Terraform Blast Radius: Rethinking Infrastructure Boundaries
Many infrastructure-as-code (IaC) modules of the past have followed a monolithic design strategy, often leading to a cumbersome and inefficient operational environment. Through my experience, I have found that organizing infrastructure around functionality rather than infrastructural layers or service boundaries yields significantly better operability. My perspective may be somewhat skewed, given my background in application development, where I typically manage both service and application workloads. However, even when considering shared services that provide common infrastructure to an organization, these services ultimately deliver functionality — whether directly to an end user or as a supporting component for other systems.
Organizing infrastructure around functionality better acknowledges the operational dependencies between components. For instance, consider the example of managing a storage account separately from virtual machines by placing them in different Terraform state files. While this approach might allow independent updates to the storage account and virtual machines, it also introduces silos between the teams managing each component. If these components work together to provide a specific functionality, separating their management creates unnecessary barriers.
From my perspective, if a storage account and virtual machines collectively contribute to a particular function, then maintaining their independence at the operational level is counterproductive. If the storage account fails, the fact that the virtual machines remain untouched is irrelevant — the functionality as a whole is broken. This perspective shapes how I design infrastructure, applications, and services.
As a result, I advocate for drawing boundaries around infrastructure components based on the functionality they deliver rather than purely technical distinctions. In Terraform, this means grouping the storage account, virtual machines, and associated monitoring alerts within a single Terraform state file. This approach recognizes the interdependence of these components and assigns responsibility to a single operator or team, ensuring the entire system remains healthy and operational.
That said, this doesn’t mean we should blindly lump everything together. Just as in application and service design, we should decompose functionality into smaller units to maintain control over individual components. This concept is familiar from microservices architecture. By refining the natural bounded contexts within our infrastructure, we can strike the right balance — minimizing operational overhead while respecting the structural boundaries of the organization and maintaining rational, well-defined contracts between systems.
Designing infrastructure in this way is as much an art as it is a science, much like microservice architecture. Unfortunately, many teams make poor design choices and later suffer the consequences. Rather than reflecting on the impact of their decisions, they often blame the methodology itself and revert to conventional, rigid design patterns without fully understanding the trade-offs.

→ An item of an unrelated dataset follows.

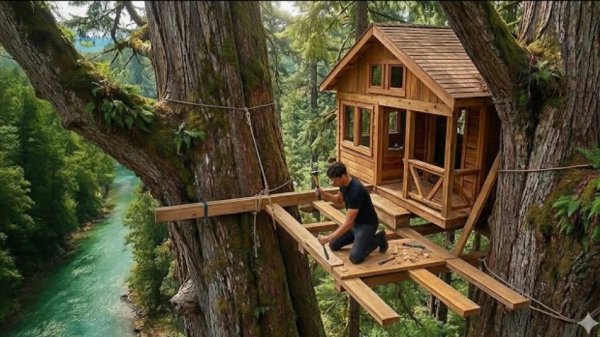 Мужчина строит уютный и тёплый домик на двух деревьях в лесу.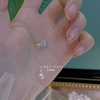 水晶花朵珍珠流苏项链夏季2023年潮小众设计感短款锁骨链女士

This is an ongoing and evolving conversation — one that I find deeply interesting. Despite the thought I’ve put into it, I don’t claim to have all the answers. Every new system I design and every Terraform implementation teaches me something new. While working with the same cloud services repeatedly helps establish best practices, introducing new services with their own unique characteristics always presents new challenges. But that’s what makes it exciting! The ability to iterate, refine, and continuously improve infrastructure design is what keeps this work both engaging and rewarding.